Frederik Ramm schrieb:
Hallo,

Manuel Reimer wrote:
Ich weiß auf jedem Fall, dass ich in der Freizeit nicht letztlich für irgendwelche Unternehmen arbeiten will, die die Daten nehmen und garnichts zurückgeben wollen.

Ich finde, dass diese Ansicht zu sehr von Neid und Missgunst gepraegt ist und so gar nicht zu dem Geist in diesem Projekt passt.

Schon heute ist es so, dass Unternehmen wie Privatleute OSM nutzen koennen, ohne etwas zurueckzugeben. Ich gehe sogar davon aus, dass die ganz ueberwiegende Mehrheit der OSM-Nutzer nichts zurueckgibt (z.B. jemand laedt sich eine Garminkarte herunter und spielt sie auf sein Geraet - was gibt der zurueck?).

Ich sehe darin kein Problem und keine Gefahr; wir sind grosszuegig, wir erlauben das. Ob das jetzt der private Wanderer ist oder das Unternehmen, das 500 Aussendienstmitarbeitern unsere Karte auf ihr Garmin-Geraet laedt - beide duerfen unsere Daten gleichermassen verwenden, und niemand von uns kommt an und fordert, dass das Unternehmen von den gesparten 10.000 Euro oder der Privatmann von den gesparten 20 Euro etwas abgeben solle.

Weder das Unternehmen noch der in meinem Beispiel genannte Privatmann muessen uebrigens nach aktueller Lizenz irgendjemandem verraten, dass sie OSM-Daten einsetzen.

Diese Nutzungsmoeglichkeiten existieren heute schon, dennoch wuerde niemand von uns deswegen behaupten, dass er "in seiner Freizeit letztlich fuer irgendwelche Unternehmen arbeitet".

Wir arbeiten alle fuer eine freie Weltkarte. Wer die dann nutzt und fuer was, steht auf einem anderen Blatt und ist uns in der Regel ziemlich egal.


Dem kann ich nur zustimmen.

Letzlich wird durch eine virale Lizenz nicht erreicht, dass "etwas zurückgegeben" wird, wenn ein Unternehmen von OSM profitiert, sondern nur wenn es auch eigene Daten reinmischen muss. Einem anderen Unternehmen reichen die OSM Daten vielleicht und muss so nichts zurückgeben, spart aber vielleicht genausoviel ein. Ich sehe da keinen großen Unterschied, eigentlich finde ich es sogar eher unfair.
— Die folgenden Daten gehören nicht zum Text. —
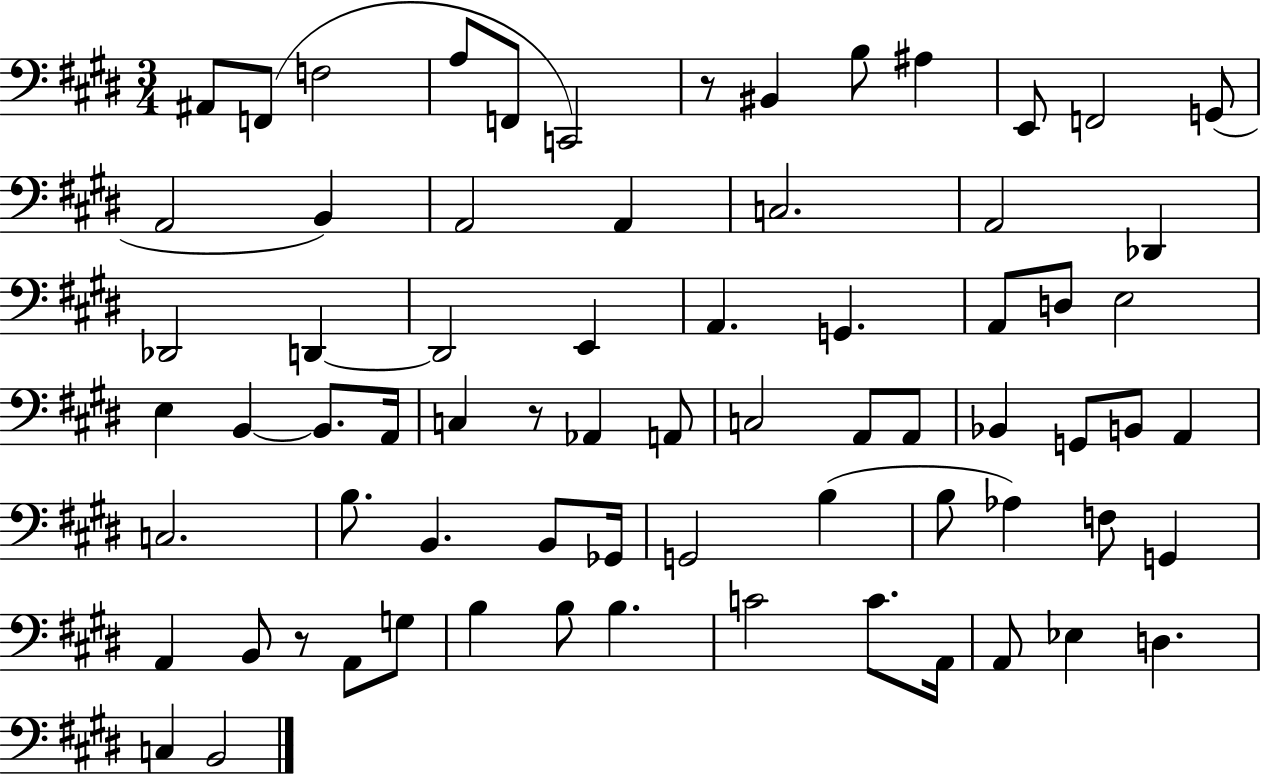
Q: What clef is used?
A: bass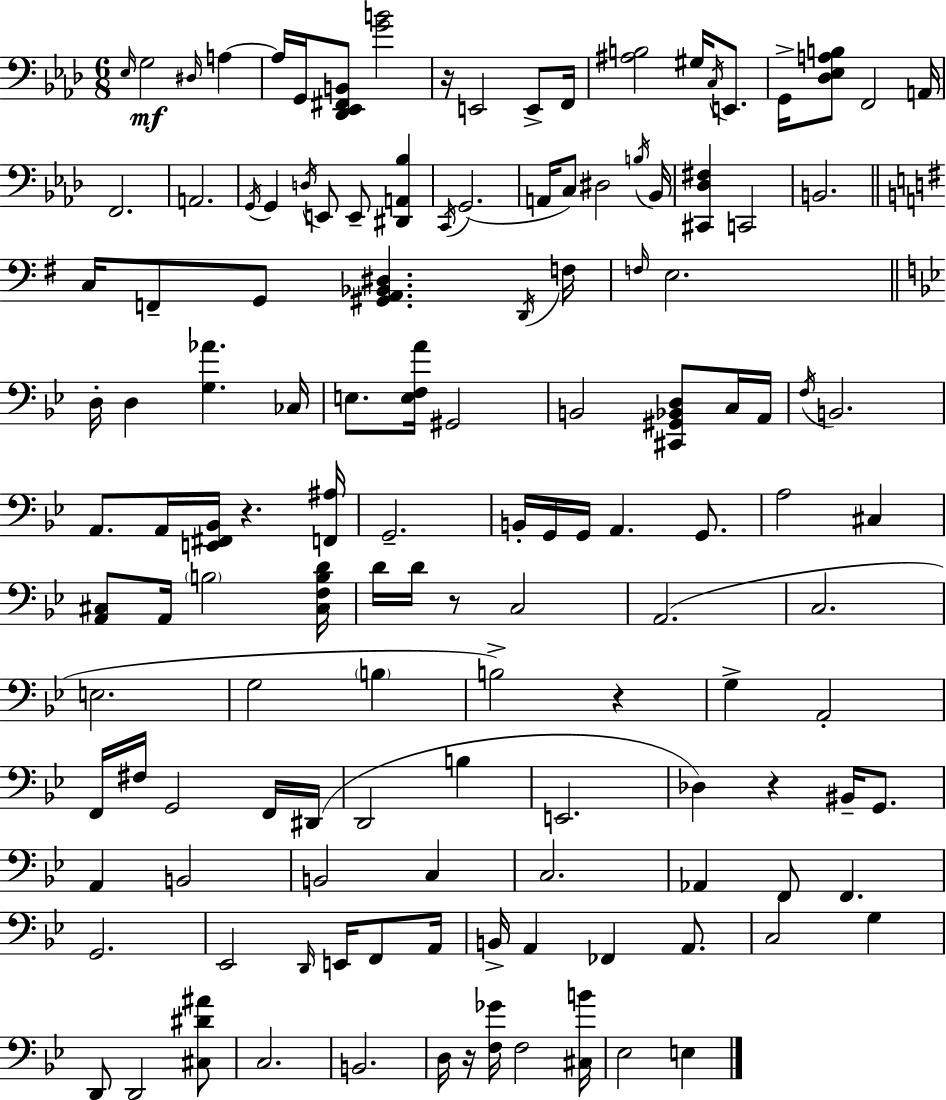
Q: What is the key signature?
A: AES major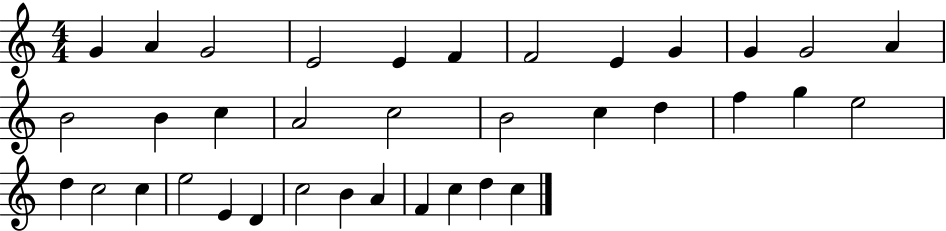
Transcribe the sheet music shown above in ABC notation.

X:1
T:Untitled
M:4/4
L:1/4
K:C
G A G2 E2 E F F2 E G G G2 A B2 B c A2 c2 B2 c d f g e2 d c2 c e2 E D c2 B A F c d c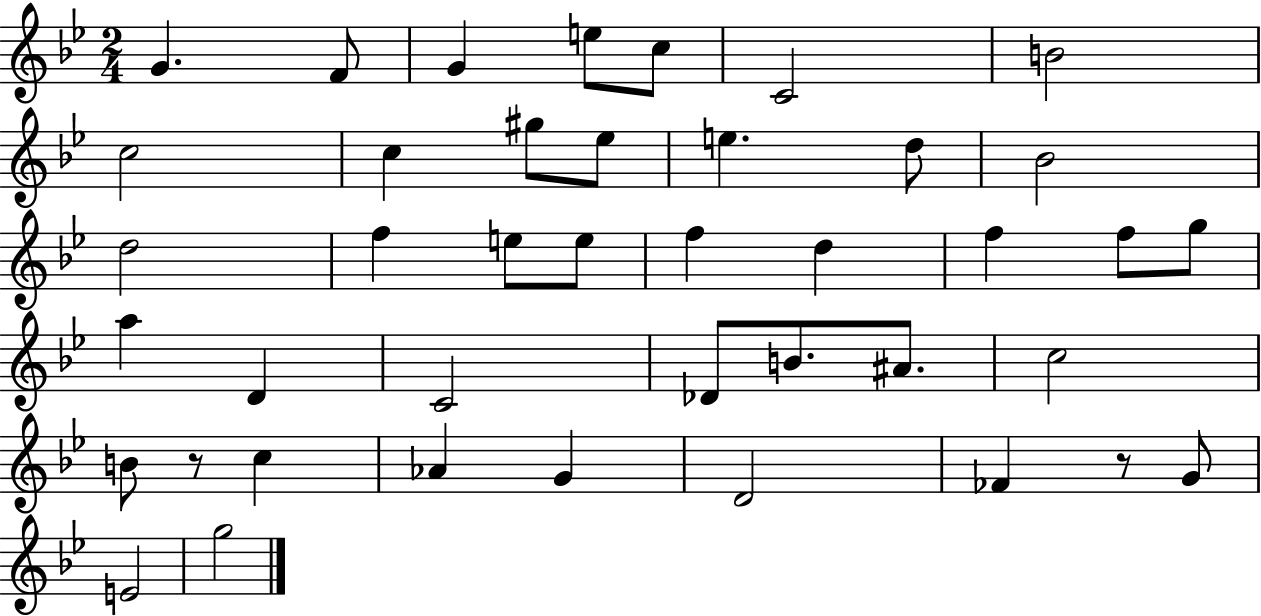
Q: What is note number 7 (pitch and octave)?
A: B4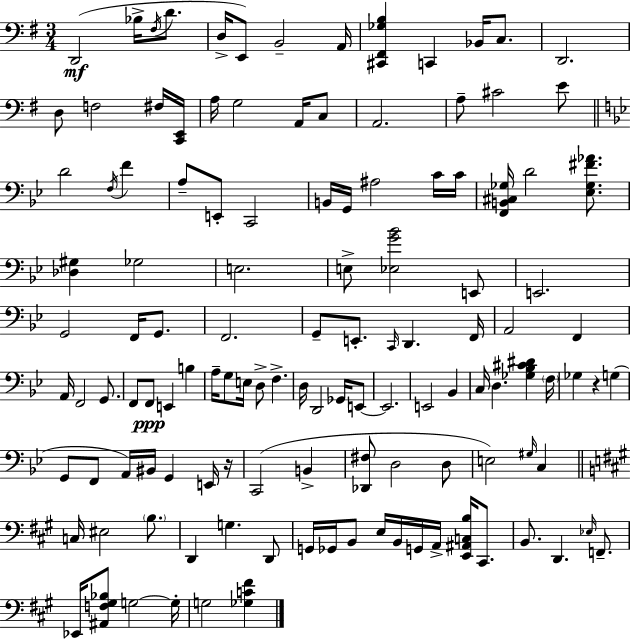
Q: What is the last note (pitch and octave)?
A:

Denn letzlich ist es doch auch so: Wenn ein Unternehmen sich vorstellen kann die Hauseigenen Daten für OSM freizugeben, dann wird es das vielleicht sowieso tun, da es einfacher ist alle Daten aus OSM zu ziehen und sie somit auch noch gleich von der Community mitgepflegt werden (wenn es denn Daten sind die dafür geeignet sind).

Wenn aber einem Unternehmen der Aufwand zu groß ist die Daten bereitzustellen oder sogar garnicht dazu in der Lage ist, weil die Daten vielleicht jemand anders gehören, dann wird es OSM eben garnicht nutzen. Ich kann darin keinerlei Vorteil erkennen. Im Gegenteil, wenn ein Unternehmen OSM nutzt, dann wird es sicherlich auch froh sein, wenn es der Community gut geht und somit vielleicht auch freiwillig etwas spenden (muss ja nicht immer Geld sein, z.B. Hardware die sie nicht mehr brauchen). Und selbst wenn OSM garnichts zurückbekommt (so wie es jetzt faktisch gesehen ja auch schon vorkommen kann), dann ist es zumindest immernoch gute Werbung, wenn ein großes Unternehmen auf OSM setzt. Wenn z.B. Google Maps OSM Daten einsetzt und einer fragt "Warum OSM, gibt doch schon Google Maps", dann kann man sagen "Moment Mal, Google Maps basiert zum großen Teil auf OSM".

Außerdem finde ich sowohl die CC-BY-SA als auch die ODbL nicht gerade einfach zu verstehen und nicht gerade rechtlich eindeutig. Wenn man Abseits von Standardanwendungen erstmal einen Anwalt konsultieren muss, ist das dann auch wieder so eine rechtliche Hürde, die es durch OSM doch eigentlich nicht mehr geben sollte.